> **AIM OF THE EXERCISE**:
Note on the material below: return exactly the lines from the line that holds "2008 Chevrolet Avalanche" through the line that holds "Julia Zigiotti Olme", and leave out each picture.

> **MATERIAL SUPPLIED**:
______________________________
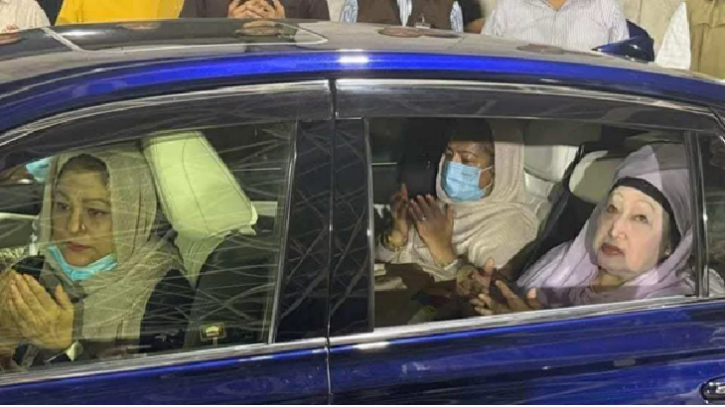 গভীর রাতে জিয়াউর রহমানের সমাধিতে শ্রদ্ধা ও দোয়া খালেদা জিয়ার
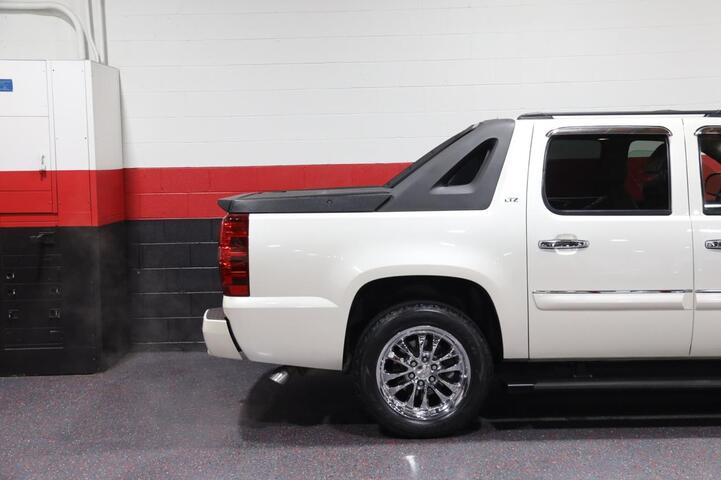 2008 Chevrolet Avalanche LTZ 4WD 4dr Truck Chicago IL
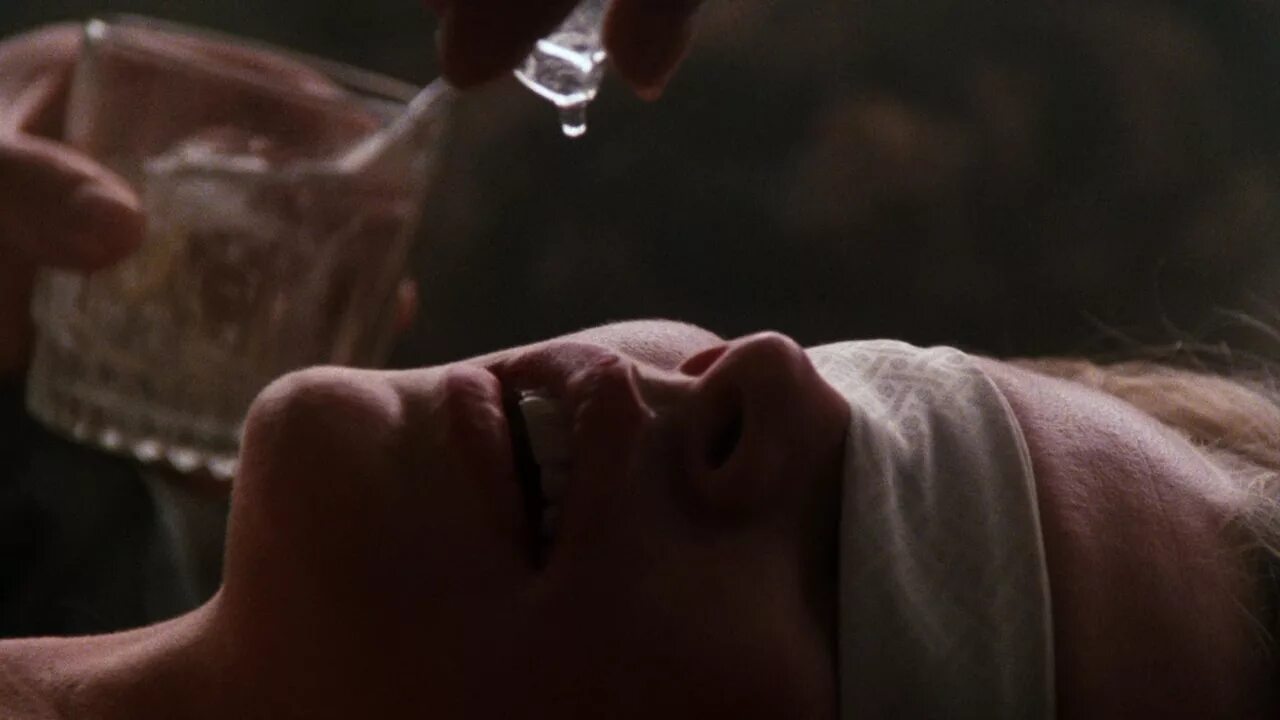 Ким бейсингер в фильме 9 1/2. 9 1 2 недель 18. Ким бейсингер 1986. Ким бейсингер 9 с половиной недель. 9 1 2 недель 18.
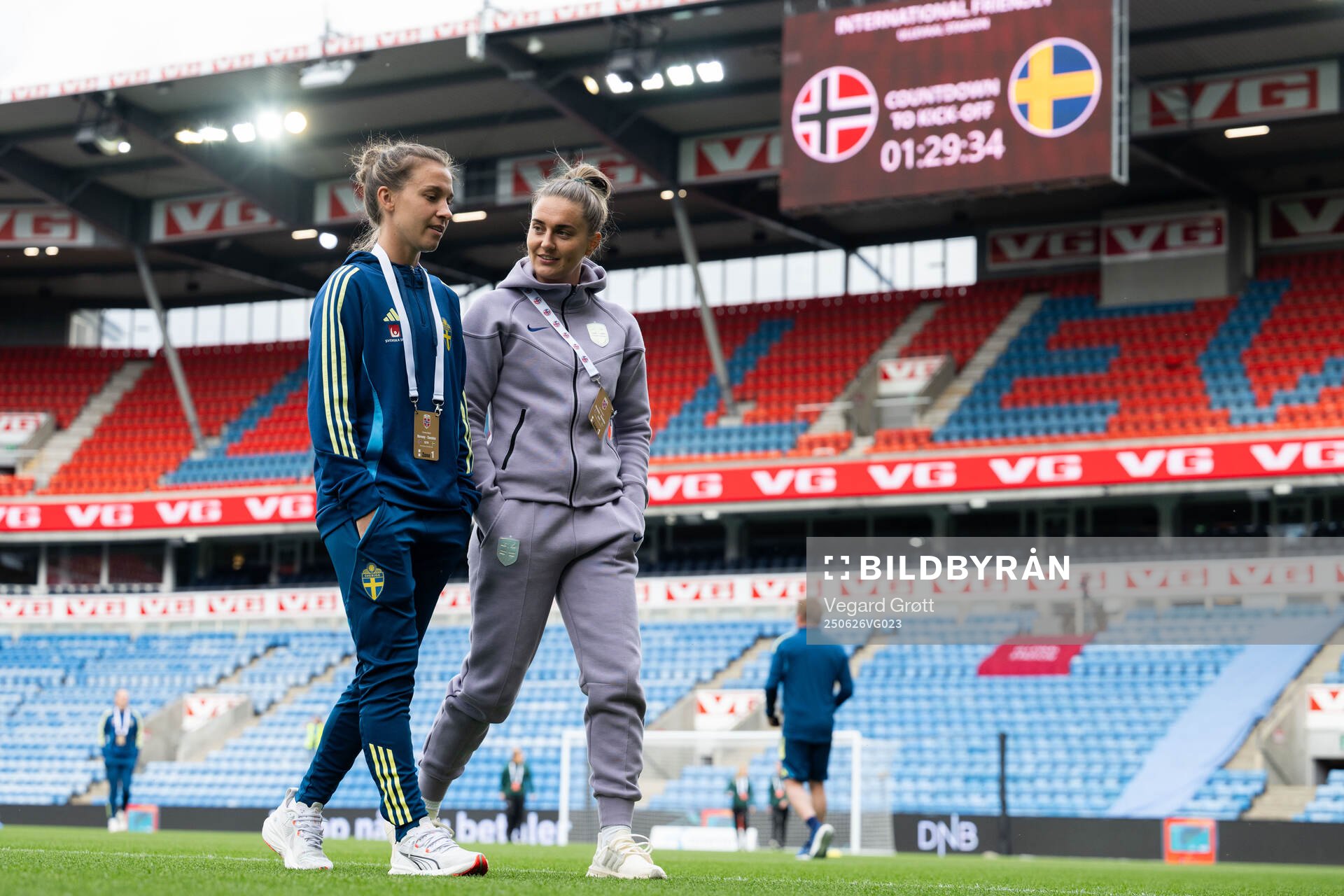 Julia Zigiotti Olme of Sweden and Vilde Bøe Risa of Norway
______________________________
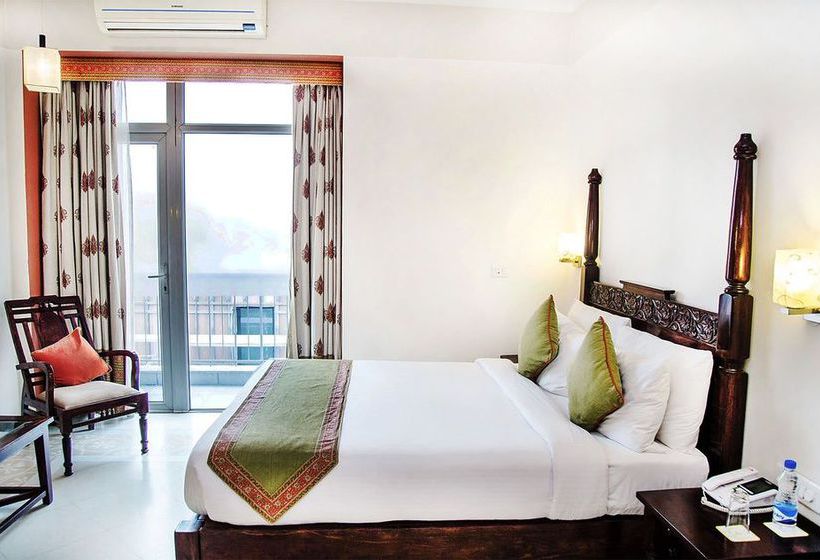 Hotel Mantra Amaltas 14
______________________________
> **SOLUTION TO THIS EXERCISE**:
 2008 Chevrolet Avalanche LTZ 4WD 4dr Truck Chicago IL
 Ким бейсингер в фильме 9 1/2. 9 1 2 недель 18. Ким бейсингер 1986. Ким бейсингер 9 с половиной недель. 9 1 2 недель 18.
 Julia Zigiotti Olme of Sweden and Vilde Bøe Risa of Norway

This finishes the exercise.